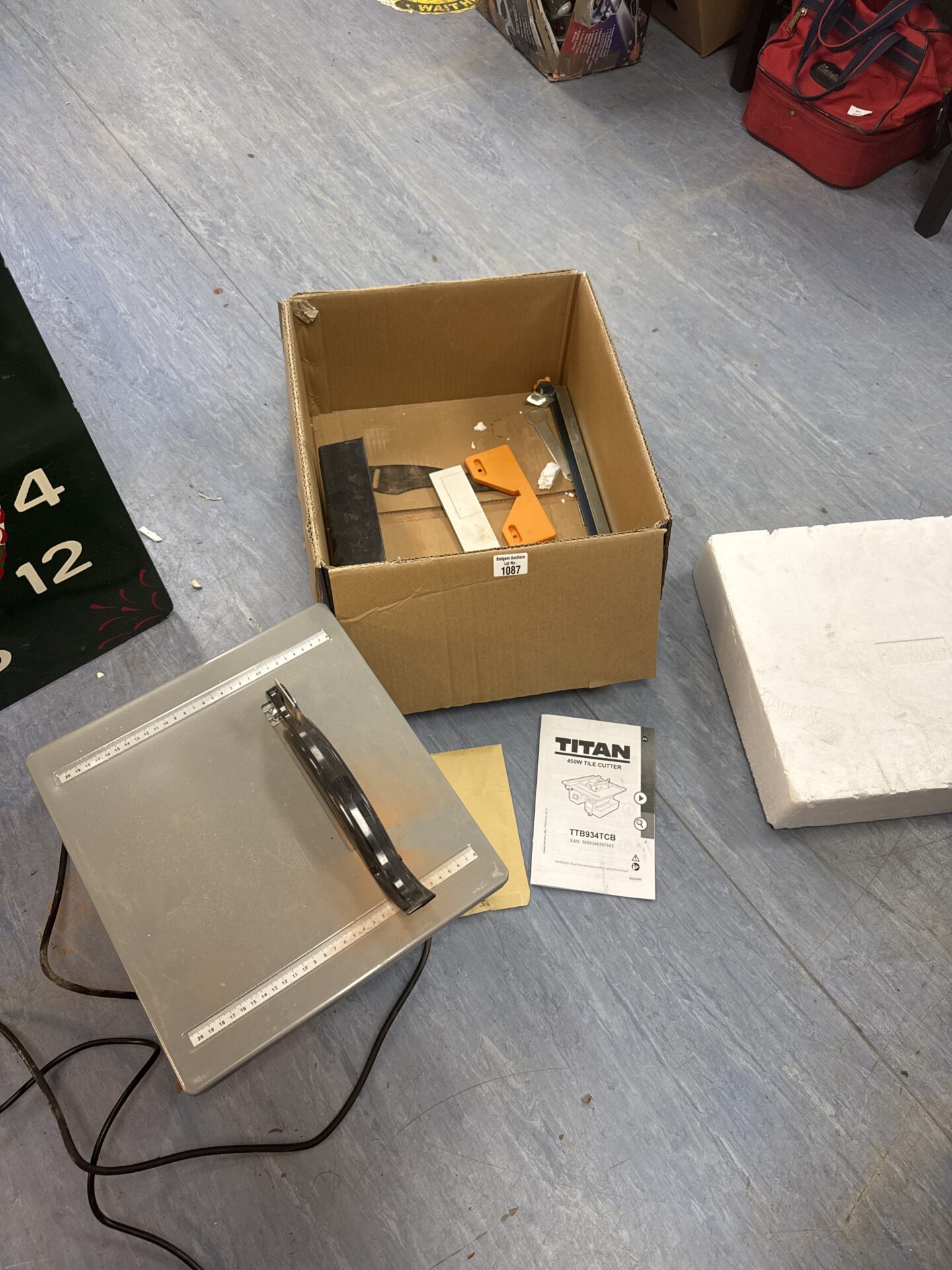 969 Titan 450w tile cutter – working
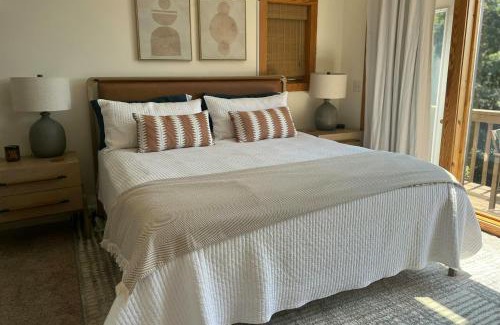 Alexander Casa | Blue Mountain Retreat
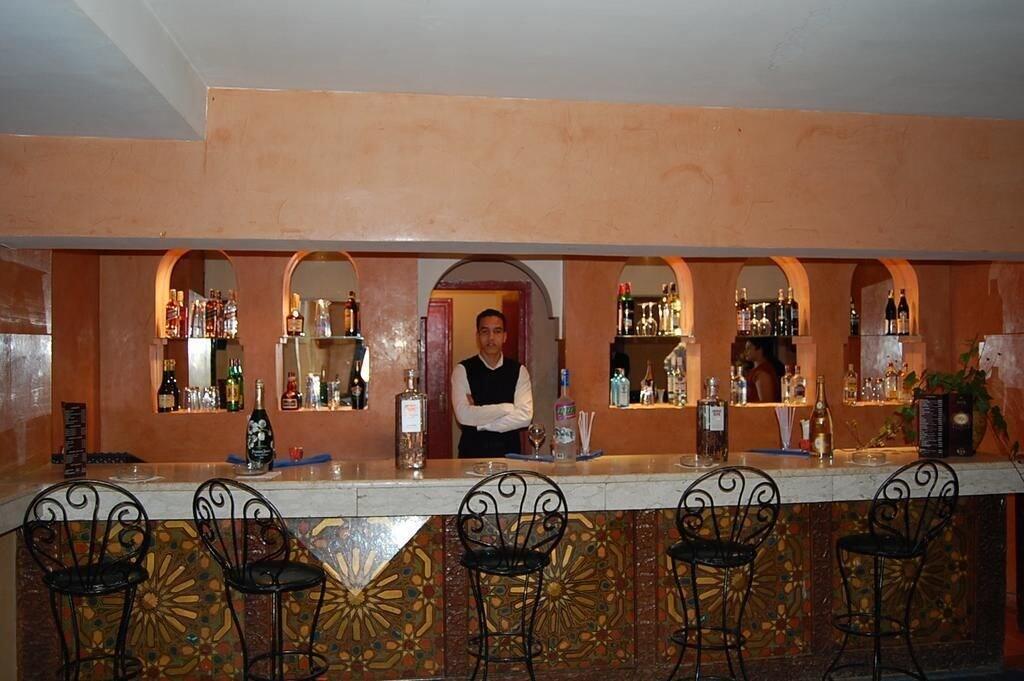 Bar/Salón Résidence Karam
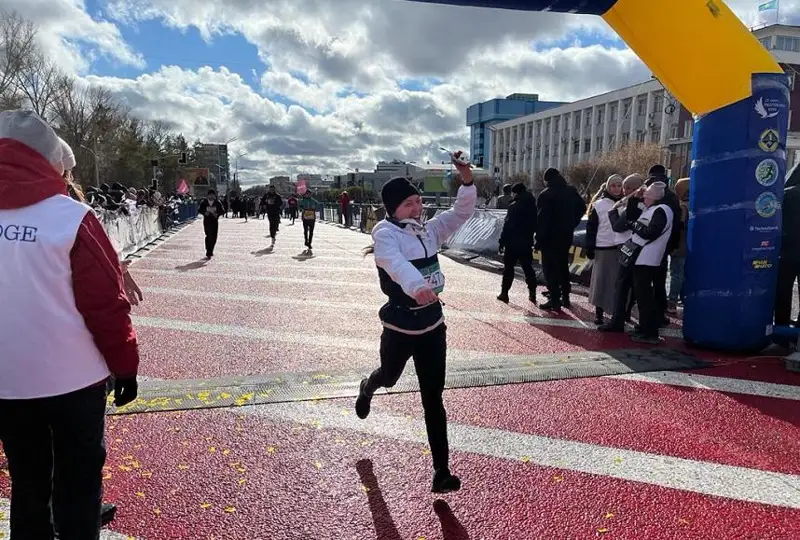 В Караганде прошел полумарафон «Armanǵa jol - 2022», посвященный Дню Республики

* _EXERCISE GOAL_:
All lines of the material above should be returned unchanged, but no pictures should be included.

* _RESULT OF THE TASK_:
 969 Titan 450w tile cutter – working
 Alexander Casa | Blue Mountain Retreat
 Bar/Salón Résidence Karam
 В Караганде прошел полумарафон «Armanǵa jol - 2022», посвященный Дню Республики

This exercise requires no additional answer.